Sauerteig aus Häusern entfernen

Im 2. Buch Mose berichtet die Bibel, wie Gott die Israeliten aus der ägyptischen Sklaverei befreite. In der Nacht des Aufbruches war keine Zeit, um Sauerteig für Brot anzusetzen. Deshalb nahmen die Fliehenden ungesäuertes Brot mit. Dieses gehört in Form von Matzot zu Pessach.

In 2. Mose 12,14–15 gebietet Gott den Israeliten: „Ihr sollt diesen Tag als Gedenktag haben und sollt ihn feiern als ein Fest für den HERRN, ihr und alle eure Nachkommen, als ewige Ordnung. Sieben Tage sollt ihr ungesäuertes Brot essen.
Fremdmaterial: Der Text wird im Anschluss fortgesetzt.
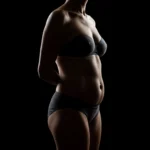 MG Beauty Clinic - Immagini Sito Shop - Mommy Makeover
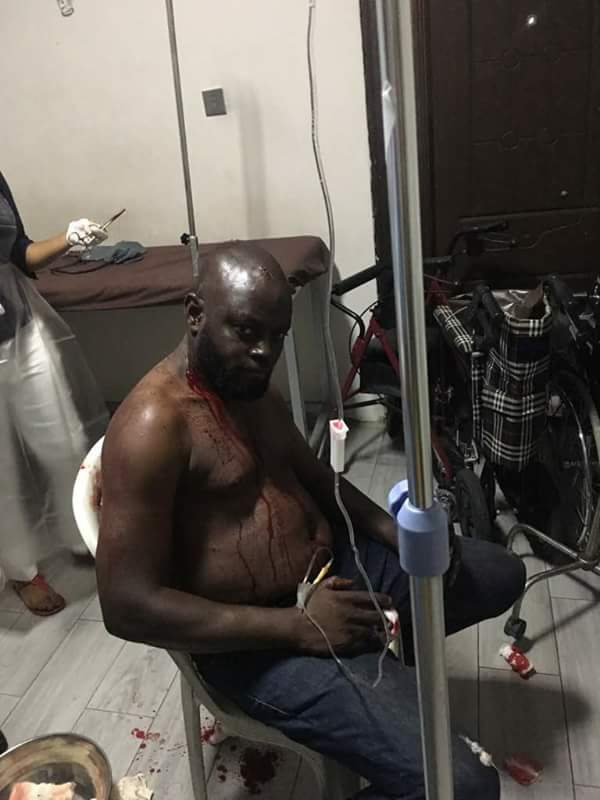 Odo Olowo APC Primary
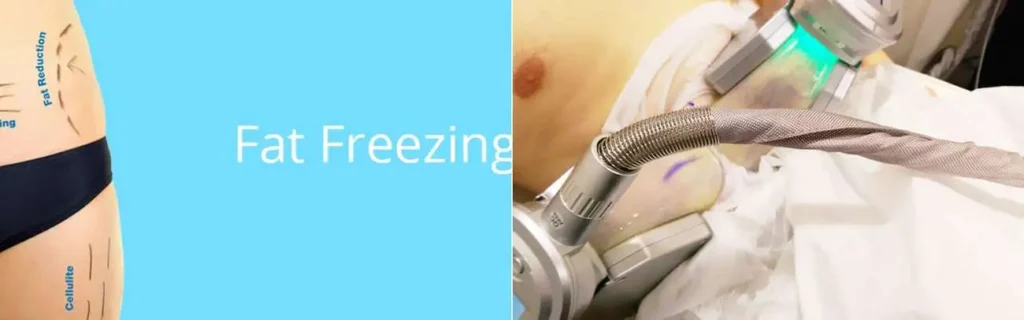 Fat freezing Hatfield on multiple areas of the body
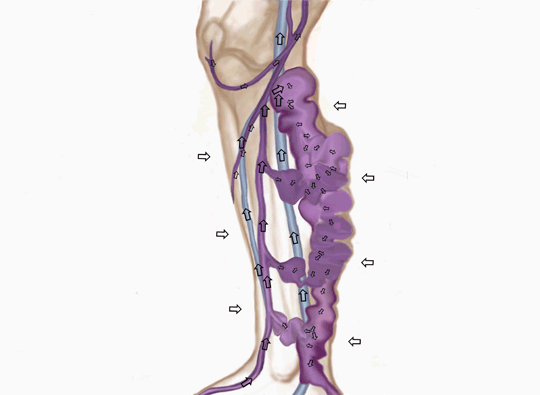 An animation of a bulging varicose vein being squeezed by external pressure. As the vein narrows, the valves begin to close properly, and the blood flow changes from pooling/backflow to a steady upward stream.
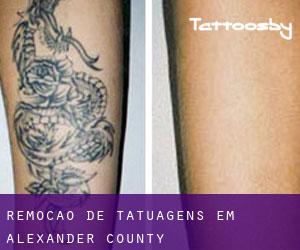 Remoção de tatuagens em Alexander County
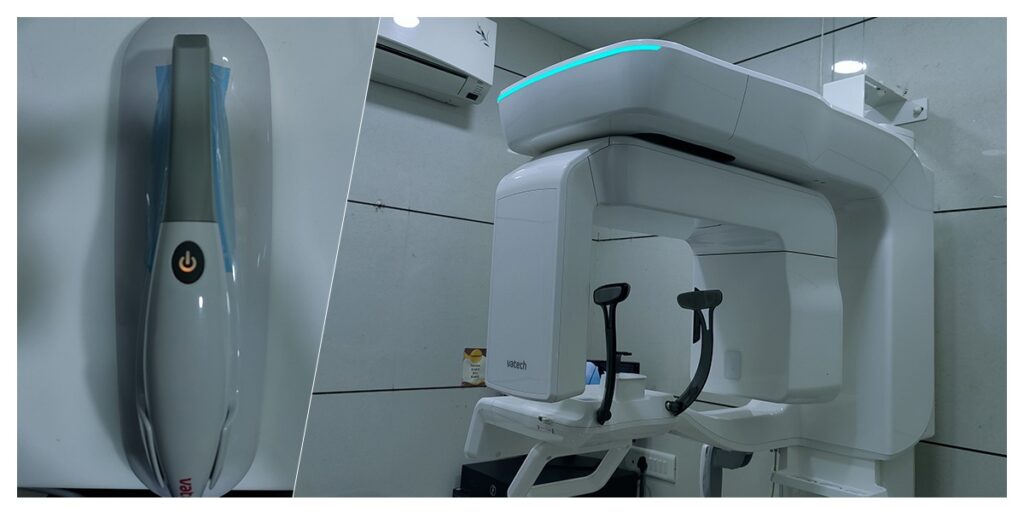 Dental Scanner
Schon am ersten Tag sollt ihr den Sauerteig aus euren Häusern tun. Wer gesäuertes Brot isst, vom ersten Tag an bis zum siebenten, der soll ausgerottet werden aus Israel.“

In den Wochen vor dem Fest unterziehen viele Juden ihre Häuser und Wohnungen einer Grundreinigung. Sie verzehren alles Gesäuerte. In den israelischen Supermärkten sind ganze Regale zugehängt, weil die dortigen Produkte nicht „koscher le-Pessach“ sind. Die Reste der gesäuerten Speisen werden verbrannt.

Wenn eine große Menge übrig ist, können Juden die Lebensmittel oder gar den Raum, in dem sich diese befinden, vorübergehend an einen Nichtjuden „vermieten“. In Israel übernehmen oft Araber die Verantwortung für diese Lebensmittel. Es gibt auch besonderes Geschirr, das nur für das Passahfest hervorgeholt wird.
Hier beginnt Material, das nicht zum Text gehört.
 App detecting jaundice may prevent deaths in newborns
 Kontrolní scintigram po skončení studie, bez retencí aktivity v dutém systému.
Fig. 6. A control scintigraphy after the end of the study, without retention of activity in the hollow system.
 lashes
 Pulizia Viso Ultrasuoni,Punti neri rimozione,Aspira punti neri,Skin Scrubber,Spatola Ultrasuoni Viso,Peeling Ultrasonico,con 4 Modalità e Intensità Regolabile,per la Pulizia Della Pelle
Trauer um ertrunkene Ägypter

Dem Auszug gingen zehn Plagen voraus, mit denen Gott das verhärtete Herz des Pharao erweichen wollte, damit er die Israeliten ziehen lasse. Zuletzt starben alle erstgeborenen Söhne in Ägypten. Nur die Familien, die nach Gottes Geheiß ihre Türpfosten mit dem Blut eines Lammes bestrichen hatten, wurden von dem Todesengel verschont, der an diesen Häusern vorüberging. Die Bezeichnung „Pessach“ wird auf das hebräische Verb „passach“ (vorübergehen) zurückgeführt.

In manchen Familien fasten die Erstgeborenen vor dem Fest von Sonnenaufgang bis Sonnenuntergang. Dies soll daran erinnern, wie Gott die Söhne der Israeliten verschonte, während die der Ägypter getötet wurden. Doch die Freude über die Befreiung ist nicht vollkommen.

Denn durch die Plagen und beim Durchzug durch das Schilfmeer starben auch Ägypter, die sich nicht persönlich gegen einen Israeliten versündigt hatten. Und so heißt es gleich an zwei Stellen im Talmud: „Als sie die Vernichtung der Ägypter sahen, wollten die Engel einen Gesang anstimmen, aber Gott gebot ihnen Schweigen und sprach: ‚Das Werk meiner Hände ertrinkt im Meer, und ihr wollt singen!’“

Lob und Dank im Mittelpunkt

Dankbarkeit für die Befreiung aus der Sklaverei steht dennoch im Mittelpunkt der Festwoche. In der Haggada nimmt das Lob Gottes viel Raum ein. Durch die Jahrhunderte hindurch sind immer wieder Juden unterdrückt worden. Sie haben Gott um Hilfe angerufen, und manchmal sind sie aus ihrer Situation befreit worden. Die Erinnerung ist somit ein wesentliches Element der jüdischen Feste.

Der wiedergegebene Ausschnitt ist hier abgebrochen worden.